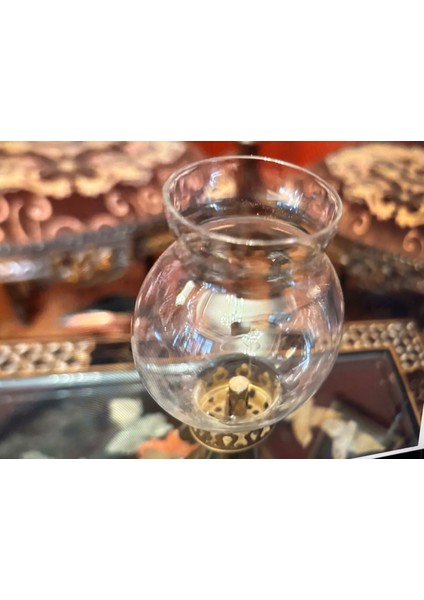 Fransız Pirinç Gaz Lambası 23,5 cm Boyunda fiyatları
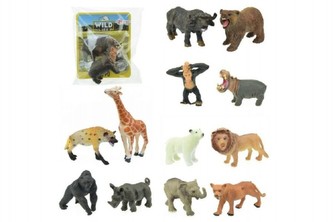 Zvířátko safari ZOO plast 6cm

* * *

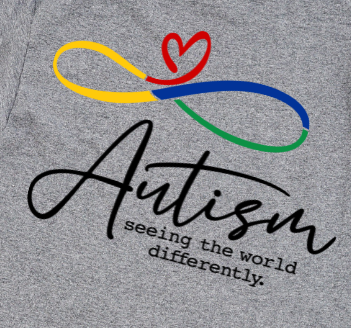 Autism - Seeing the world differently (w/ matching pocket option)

...

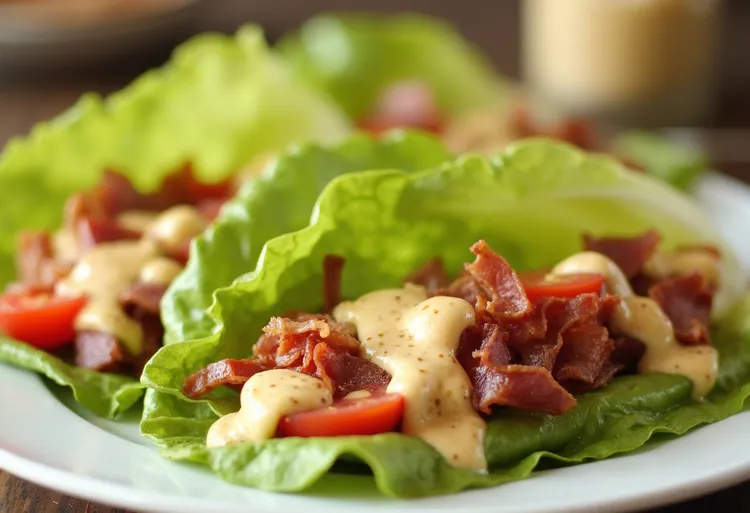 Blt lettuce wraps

• _Assigned task_
Only the lines between the one with "Fransız Pirinç Gaz" and the one with "Zvířátko safari ZOO plast 6cm", those two included, get copied from the material above. Keep it exact and free of pictures.

• _Output of the exercise_
 Fransız Pirinç Gaz Lambası 23,5 cm Boyunda fiyatları
 Zvířátko safari ZOO plast 6cm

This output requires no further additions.